*DATA FOR THIS EXERCISE:*
↓↓↓

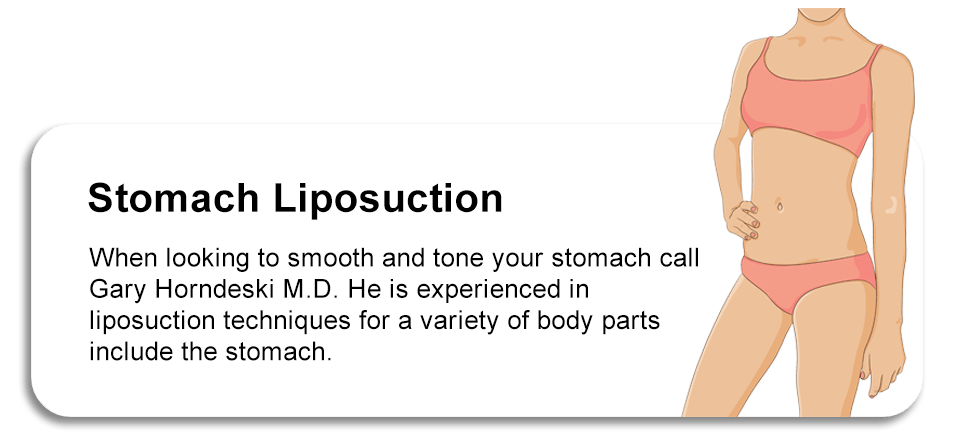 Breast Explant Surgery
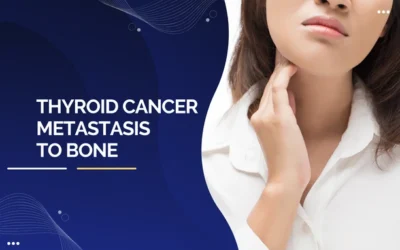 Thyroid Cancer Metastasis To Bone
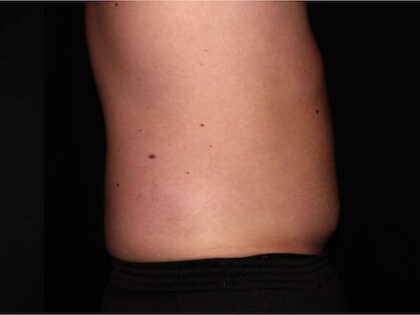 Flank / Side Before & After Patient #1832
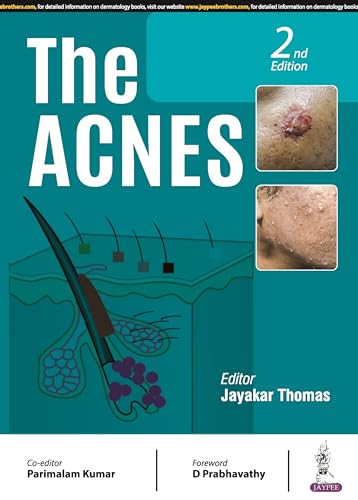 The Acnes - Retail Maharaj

↑↑↑
↓↓↓

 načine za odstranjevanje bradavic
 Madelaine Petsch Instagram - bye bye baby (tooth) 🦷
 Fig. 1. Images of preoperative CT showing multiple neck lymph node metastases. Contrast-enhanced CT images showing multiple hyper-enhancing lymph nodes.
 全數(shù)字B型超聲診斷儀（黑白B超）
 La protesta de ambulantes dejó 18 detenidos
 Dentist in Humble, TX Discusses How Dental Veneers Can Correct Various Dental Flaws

↑↑↑
↓↓↓

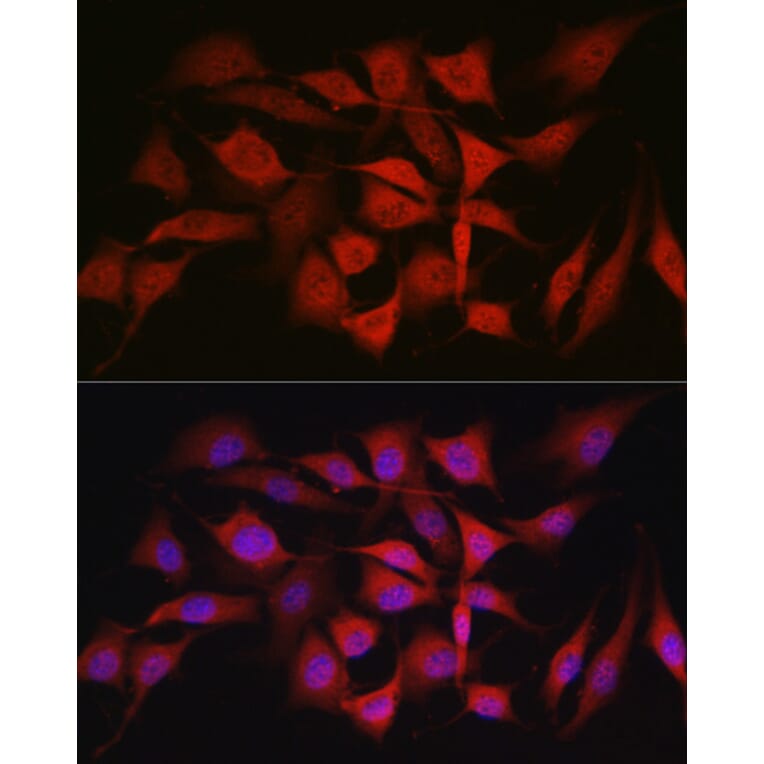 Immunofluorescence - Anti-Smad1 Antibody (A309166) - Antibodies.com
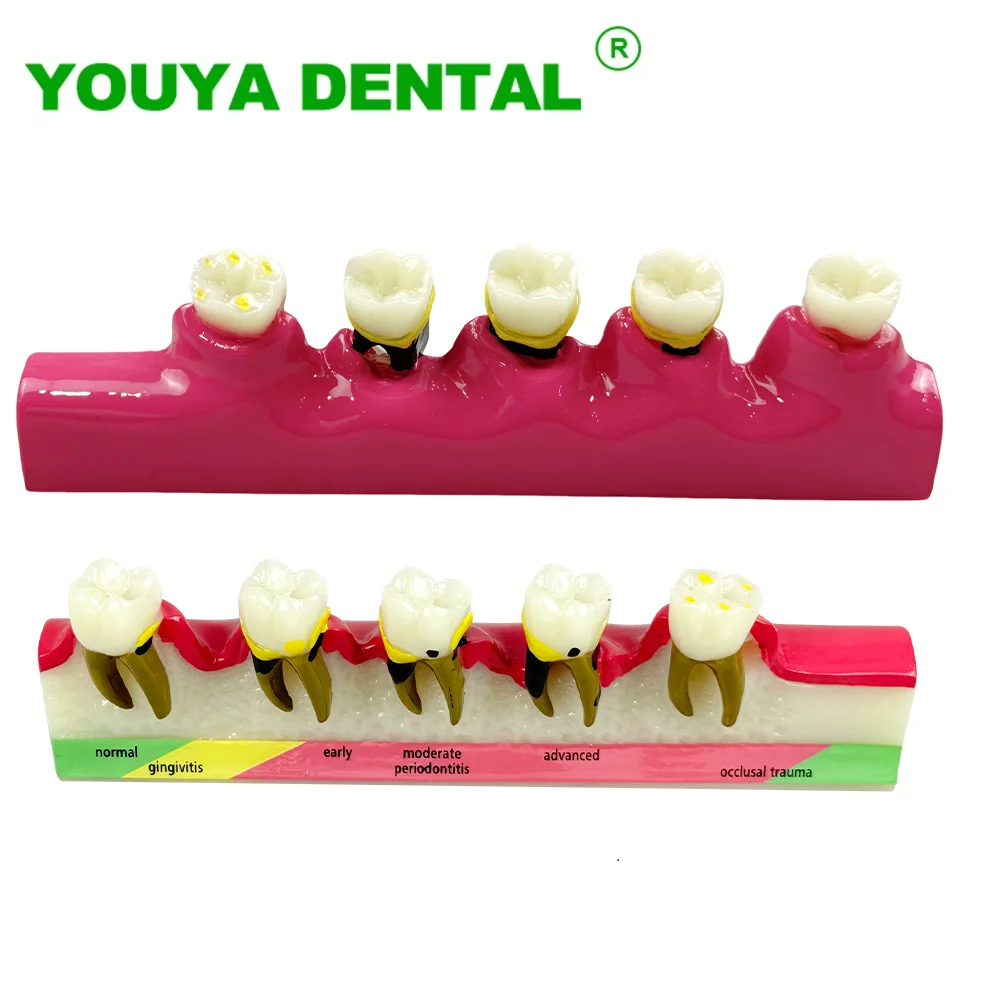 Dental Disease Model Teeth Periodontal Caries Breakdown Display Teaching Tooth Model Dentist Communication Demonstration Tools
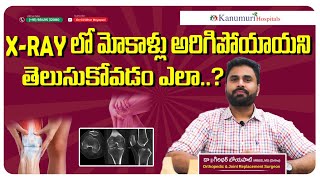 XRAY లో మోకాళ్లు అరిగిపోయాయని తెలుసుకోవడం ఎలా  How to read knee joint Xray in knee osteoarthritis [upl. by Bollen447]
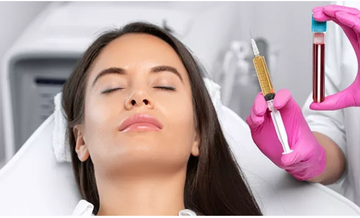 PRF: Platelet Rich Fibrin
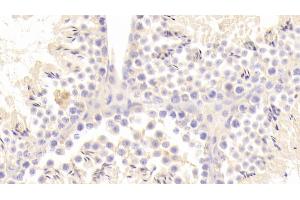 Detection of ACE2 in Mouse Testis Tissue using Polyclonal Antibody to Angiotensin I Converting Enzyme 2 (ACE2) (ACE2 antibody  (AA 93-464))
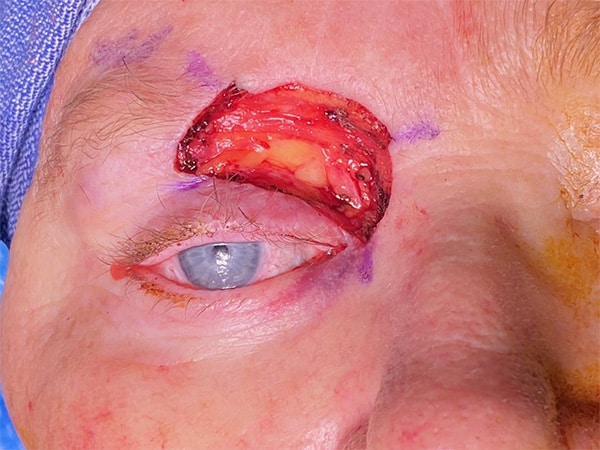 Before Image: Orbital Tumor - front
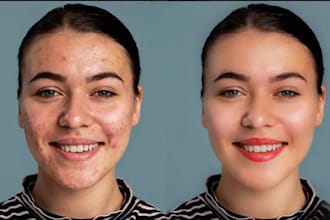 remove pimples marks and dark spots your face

↑↑↑

*WHAT TO DO:*
A verbatim transcription is needed of the lines above, starting at the line with "načine za odstranjevanje bradavic" and ending at the line with "Dentist in Humble, TX", both included, and of nothing else.

*EXERCISE ANSWER:*
 načine za odstranjevanje bradavic
 Madelaine Petsch Instagram - bye bye baby (tooth) 🦷
 Fig. 1. Images of preoperative CT showing multiple neck lymph node metastases. Contrast-enhanced CT images showing multiple hyper-enhancing lymph nodes.
 全數(shù)字B型超聲診斷儀（黑白B超）
 La protesta de ambulantes dejó 18 detenidos
 Dentist in Humble, TX Discusses How Dental Veneers Can Correct Various Dental Flaws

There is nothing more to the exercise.